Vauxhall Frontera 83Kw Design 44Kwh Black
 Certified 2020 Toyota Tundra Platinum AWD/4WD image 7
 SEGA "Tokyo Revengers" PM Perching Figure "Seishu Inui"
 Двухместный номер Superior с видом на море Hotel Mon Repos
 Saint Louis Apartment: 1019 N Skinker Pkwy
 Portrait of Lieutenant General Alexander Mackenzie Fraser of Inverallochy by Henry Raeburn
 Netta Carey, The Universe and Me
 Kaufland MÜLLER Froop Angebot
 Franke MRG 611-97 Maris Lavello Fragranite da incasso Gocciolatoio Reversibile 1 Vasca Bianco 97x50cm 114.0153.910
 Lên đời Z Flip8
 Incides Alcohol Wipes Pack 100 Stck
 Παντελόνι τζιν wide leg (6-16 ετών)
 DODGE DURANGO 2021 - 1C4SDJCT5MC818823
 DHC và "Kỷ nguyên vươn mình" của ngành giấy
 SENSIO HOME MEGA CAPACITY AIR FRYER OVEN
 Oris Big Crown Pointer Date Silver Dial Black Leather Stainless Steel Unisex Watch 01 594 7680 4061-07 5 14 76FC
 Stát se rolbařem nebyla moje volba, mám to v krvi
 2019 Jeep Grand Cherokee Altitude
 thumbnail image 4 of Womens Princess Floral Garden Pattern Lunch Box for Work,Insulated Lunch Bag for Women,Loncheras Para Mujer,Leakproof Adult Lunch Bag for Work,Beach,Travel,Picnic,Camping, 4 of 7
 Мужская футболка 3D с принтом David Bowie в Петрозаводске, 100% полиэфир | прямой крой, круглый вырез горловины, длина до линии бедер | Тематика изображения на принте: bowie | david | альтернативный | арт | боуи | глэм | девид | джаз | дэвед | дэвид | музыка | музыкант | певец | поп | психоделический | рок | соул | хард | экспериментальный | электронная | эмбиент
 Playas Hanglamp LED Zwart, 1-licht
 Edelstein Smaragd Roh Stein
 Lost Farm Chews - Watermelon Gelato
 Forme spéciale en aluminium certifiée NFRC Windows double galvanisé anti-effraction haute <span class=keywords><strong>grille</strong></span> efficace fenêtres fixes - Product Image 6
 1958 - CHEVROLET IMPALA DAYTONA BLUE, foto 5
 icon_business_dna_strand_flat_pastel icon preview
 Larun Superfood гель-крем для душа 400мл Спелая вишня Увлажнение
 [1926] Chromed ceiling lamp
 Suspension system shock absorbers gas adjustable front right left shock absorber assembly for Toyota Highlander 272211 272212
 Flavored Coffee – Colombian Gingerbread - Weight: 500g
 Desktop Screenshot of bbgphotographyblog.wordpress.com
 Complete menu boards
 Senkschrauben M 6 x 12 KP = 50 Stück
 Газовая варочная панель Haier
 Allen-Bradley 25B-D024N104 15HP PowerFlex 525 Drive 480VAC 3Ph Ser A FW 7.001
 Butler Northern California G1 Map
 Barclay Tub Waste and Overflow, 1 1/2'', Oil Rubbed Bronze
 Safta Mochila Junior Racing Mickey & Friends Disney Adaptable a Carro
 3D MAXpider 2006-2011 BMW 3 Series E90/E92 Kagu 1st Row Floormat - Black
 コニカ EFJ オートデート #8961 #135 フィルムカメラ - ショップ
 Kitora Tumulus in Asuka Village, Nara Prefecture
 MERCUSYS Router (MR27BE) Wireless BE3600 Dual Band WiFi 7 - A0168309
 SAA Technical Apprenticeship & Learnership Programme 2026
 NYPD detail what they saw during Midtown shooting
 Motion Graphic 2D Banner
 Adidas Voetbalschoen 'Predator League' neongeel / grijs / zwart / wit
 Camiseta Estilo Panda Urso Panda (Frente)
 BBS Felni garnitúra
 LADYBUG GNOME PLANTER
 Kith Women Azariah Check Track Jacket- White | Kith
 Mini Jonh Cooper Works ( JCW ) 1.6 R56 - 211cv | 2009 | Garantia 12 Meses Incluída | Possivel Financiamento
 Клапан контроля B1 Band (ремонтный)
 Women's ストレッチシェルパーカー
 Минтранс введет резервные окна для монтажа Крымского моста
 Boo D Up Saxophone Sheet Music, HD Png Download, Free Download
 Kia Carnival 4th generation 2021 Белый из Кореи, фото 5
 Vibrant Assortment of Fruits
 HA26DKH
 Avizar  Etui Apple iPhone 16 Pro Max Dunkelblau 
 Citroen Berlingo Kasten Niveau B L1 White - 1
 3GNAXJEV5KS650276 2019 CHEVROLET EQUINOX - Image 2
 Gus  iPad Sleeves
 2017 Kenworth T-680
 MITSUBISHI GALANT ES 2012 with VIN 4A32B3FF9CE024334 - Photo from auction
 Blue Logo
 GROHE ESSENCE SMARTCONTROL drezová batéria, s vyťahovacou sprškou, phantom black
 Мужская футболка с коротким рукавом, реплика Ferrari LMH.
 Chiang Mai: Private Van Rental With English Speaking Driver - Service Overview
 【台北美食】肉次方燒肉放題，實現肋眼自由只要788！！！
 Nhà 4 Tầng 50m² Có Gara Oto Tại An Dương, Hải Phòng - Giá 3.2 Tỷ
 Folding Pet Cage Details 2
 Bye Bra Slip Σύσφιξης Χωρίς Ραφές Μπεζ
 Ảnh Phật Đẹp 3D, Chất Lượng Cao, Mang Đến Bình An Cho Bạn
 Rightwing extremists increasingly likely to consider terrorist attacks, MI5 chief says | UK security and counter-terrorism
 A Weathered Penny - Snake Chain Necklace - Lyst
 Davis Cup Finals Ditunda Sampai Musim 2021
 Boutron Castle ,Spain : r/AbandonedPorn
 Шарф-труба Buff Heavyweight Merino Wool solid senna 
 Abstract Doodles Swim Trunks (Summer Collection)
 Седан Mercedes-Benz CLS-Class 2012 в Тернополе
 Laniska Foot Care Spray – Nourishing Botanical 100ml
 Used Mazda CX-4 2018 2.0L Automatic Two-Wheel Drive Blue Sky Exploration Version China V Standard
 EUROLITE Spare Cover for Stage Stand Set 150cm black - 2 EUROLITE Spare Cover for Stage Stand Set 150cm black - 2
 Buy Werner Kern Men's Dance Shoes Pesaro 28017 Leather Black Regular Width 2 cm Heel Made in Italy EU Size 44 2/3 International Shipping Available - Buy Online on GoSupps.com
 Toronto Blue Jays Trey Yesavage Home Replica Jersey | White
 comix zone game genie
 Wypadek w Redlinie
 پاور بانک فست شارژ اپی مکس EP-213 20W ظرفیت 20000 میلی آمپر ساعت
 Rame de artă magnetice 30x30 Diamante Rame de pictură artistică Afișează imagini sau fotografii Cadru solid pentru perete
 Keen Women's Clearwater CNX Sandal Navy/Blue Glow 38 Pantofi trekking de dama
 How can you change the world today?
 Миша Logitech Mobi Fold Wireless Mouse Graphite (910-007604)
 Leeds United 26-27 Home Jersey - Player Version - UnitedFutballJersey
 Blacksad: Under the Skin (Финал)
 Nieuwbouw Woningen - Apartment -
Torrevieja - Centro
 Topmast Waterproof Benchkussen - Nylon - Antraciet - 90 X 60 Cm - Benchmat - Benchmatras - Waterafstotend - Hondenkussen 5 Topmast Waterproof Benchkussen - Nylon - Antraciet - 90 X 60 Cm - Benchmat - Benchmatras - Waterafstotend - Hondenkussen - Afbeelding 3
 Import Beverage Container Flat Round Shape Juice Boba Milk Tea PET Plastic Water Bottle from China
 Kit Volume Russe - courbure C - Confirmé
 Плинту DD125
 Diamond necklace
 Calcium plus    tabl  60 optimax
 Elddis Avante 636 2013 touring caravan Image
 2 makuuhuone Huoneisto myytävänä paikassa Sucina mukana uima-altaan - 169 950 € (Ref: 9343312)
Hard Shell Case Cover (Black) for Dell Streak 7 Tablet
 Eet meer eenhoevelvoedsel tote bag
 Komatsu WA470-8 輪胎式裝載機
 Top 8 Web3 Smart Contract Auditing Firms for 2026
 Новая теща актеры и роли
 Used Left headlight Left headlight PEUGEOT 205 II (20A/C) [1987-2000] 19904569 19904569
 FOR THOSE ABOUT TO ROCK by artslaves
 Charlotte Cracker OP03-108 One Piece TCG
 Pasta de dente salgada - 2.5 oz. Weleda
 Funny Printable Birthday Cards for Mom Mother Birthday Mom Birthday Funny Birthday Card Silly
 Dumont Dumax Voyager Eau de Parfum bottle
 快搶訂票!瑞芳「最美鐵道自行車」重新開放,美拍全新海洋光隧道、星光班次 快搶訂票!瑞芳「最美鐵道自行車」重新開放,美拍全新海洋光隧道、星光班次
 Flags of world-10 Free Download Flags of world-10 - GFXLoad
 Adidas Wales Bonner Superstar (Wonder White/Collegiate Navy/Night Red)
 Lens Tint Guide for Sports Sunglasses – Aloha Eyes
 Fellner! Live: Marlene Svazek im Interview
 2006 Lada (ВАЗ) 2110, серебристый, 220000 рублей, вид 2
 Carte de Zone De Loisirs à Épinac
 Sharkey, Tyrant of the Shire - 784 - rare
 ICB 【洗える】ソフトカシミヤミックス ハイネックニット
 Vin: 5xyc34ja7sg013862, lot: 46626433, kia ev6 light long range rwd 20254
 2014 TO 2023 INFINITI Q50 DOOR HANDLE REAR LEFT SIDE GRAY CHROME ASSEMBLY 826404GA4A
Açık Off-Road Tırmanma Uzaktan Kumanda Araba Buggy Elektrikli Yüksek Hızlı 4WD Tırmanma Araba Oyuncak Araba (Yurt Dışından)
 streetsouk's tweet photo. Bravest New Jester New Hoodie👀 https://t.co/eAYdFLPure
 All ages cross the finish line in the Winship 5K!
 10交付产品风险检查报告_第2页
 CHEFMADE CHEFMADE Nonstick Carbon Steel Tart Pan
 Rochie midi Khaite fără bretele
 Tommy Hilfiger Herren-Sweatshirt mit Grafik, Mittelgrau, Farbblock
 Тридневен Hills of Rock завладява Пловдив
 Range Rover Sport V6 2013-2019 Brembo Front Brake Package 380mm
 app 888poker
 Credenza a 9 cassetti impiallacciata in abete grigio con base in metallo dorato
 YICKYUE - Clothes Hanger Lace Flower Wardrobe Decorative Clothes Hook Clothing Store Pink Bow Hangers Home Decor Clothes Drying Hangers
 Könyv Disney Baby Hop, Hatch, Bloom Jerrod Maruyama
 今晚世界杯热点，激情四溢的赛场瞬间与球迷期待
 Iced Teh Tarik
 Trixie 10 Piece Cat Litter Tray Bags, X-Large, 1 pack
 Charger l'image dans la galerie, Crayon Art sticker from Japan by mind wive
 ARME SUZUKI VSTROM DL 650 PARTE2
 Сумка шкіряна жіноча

--------------------------------------------------

For the material, work out how many lines hold the string "White". Your reply must be the number alone.

4